Task statement: Once you have found the line with "Amar Caud Rosary 80cm" in the records below, retype it and every line after it to the end exactly, with no pictures and nothing more.

(Web page caption snippets)
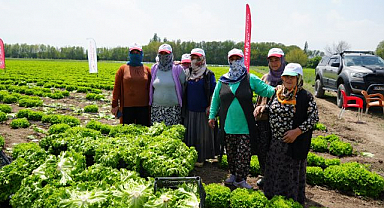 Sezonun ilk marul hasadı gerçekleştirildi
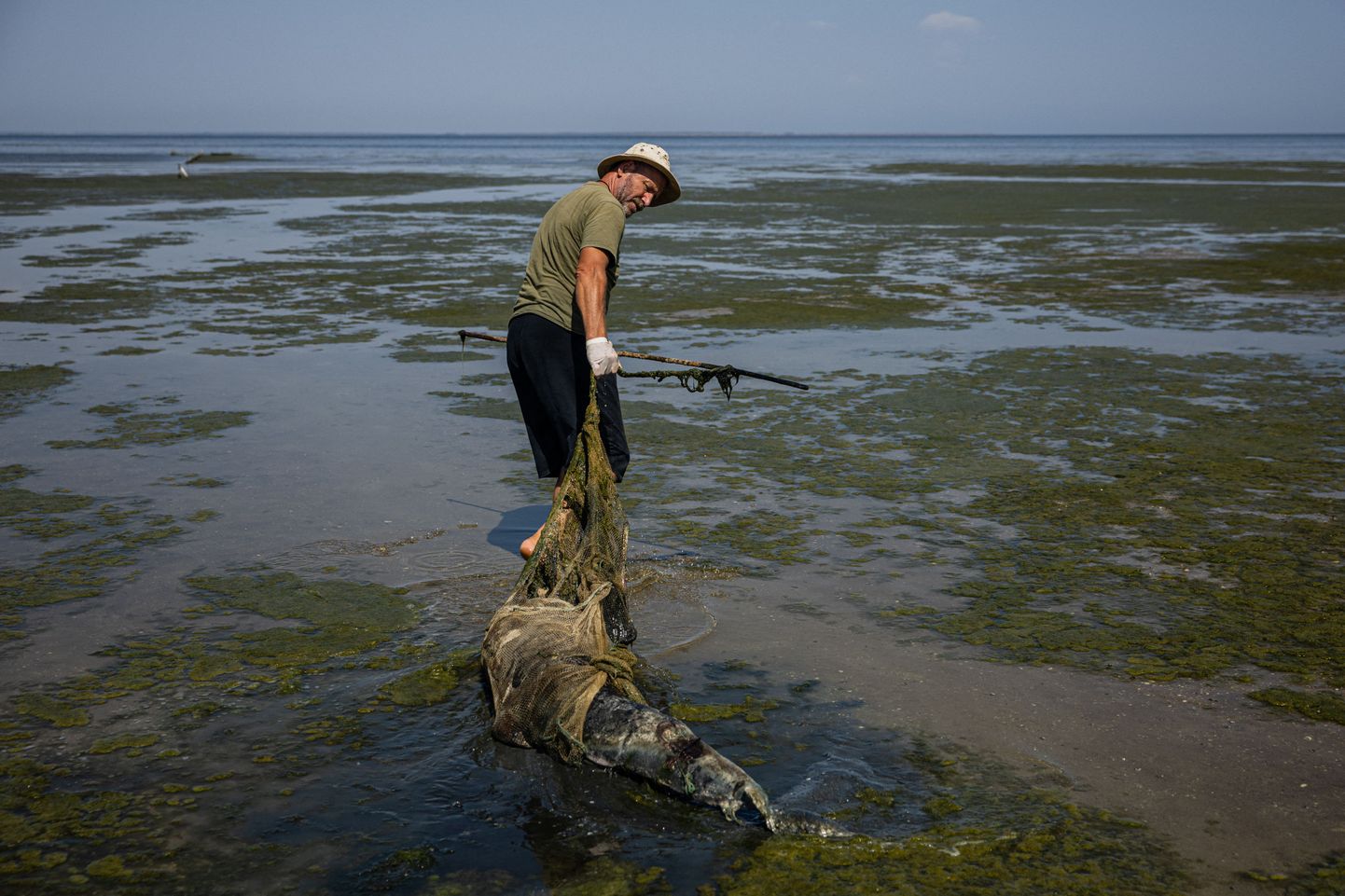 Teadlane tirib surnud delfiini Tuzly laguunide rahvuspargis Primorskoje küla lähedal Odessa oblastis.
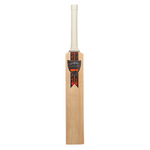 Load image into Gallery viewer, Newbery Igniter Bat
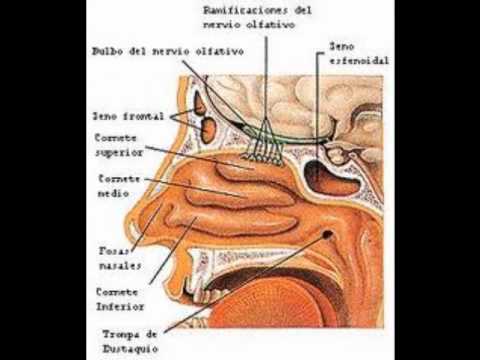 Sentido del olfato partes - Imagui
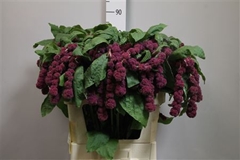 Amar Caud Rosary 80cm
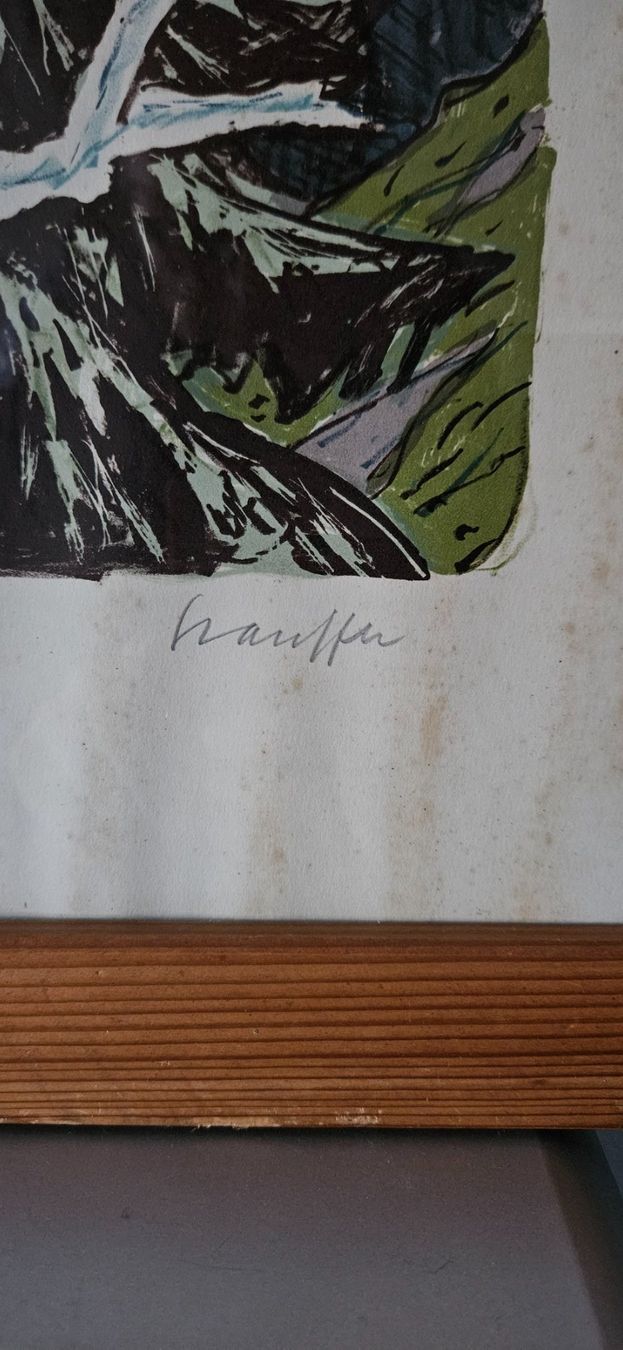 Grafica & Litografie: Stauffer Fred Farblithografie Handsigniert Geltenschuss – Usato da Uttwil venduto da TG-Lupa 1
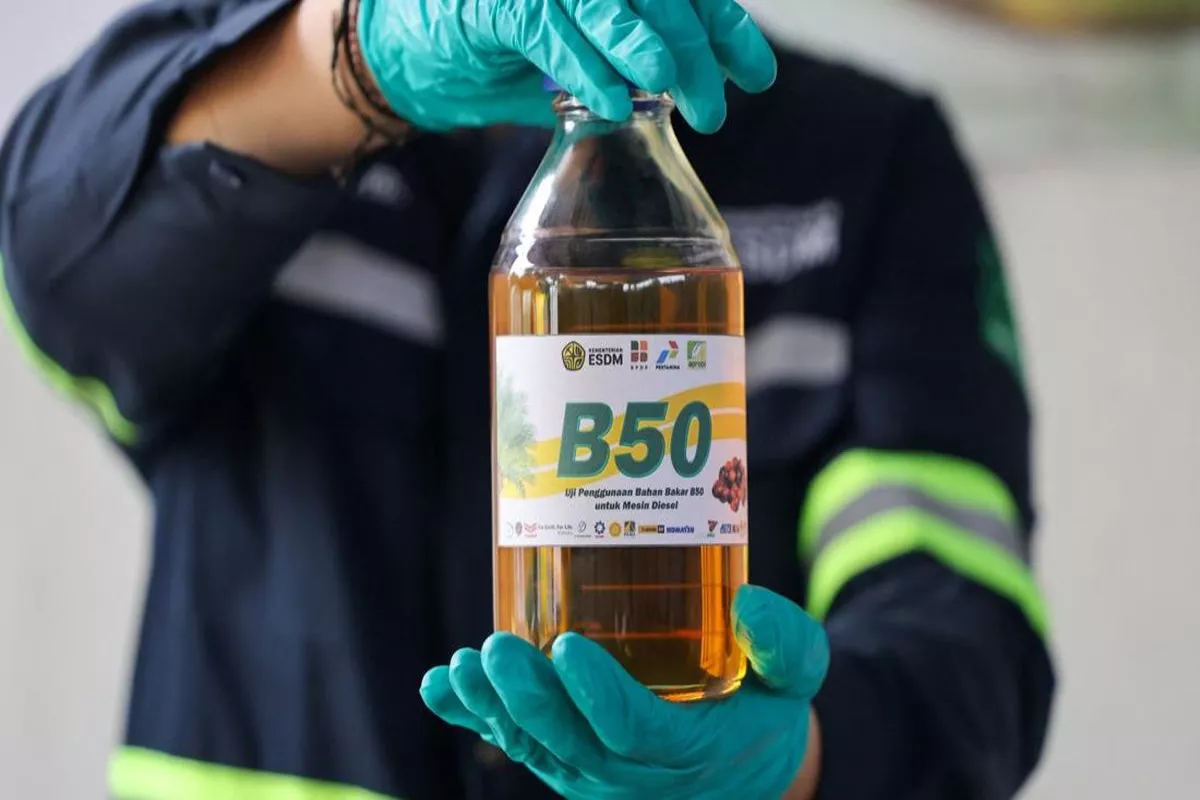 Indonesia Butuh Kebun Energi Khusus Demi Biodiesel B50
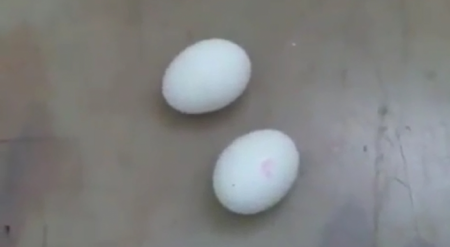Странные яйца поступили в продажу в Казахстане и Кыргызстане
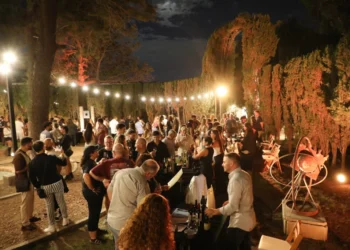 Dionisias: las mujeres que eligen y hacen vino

Expected answer:
 Amar Caud Rosary 80cm
 Grafica & Litografie: Stauffer Fred Farblithografie Handsigniert Geltenschuss – Usato da Uttwil venduto da TG-Lupa 1
 Indonesia Butuh Kebun Energi Khusus Demi Biodiesel B50
Странные яйца поступили в продажу в Казахстане и Кыргызстане
 Dionisias: las mujeres que eligen y hacen vino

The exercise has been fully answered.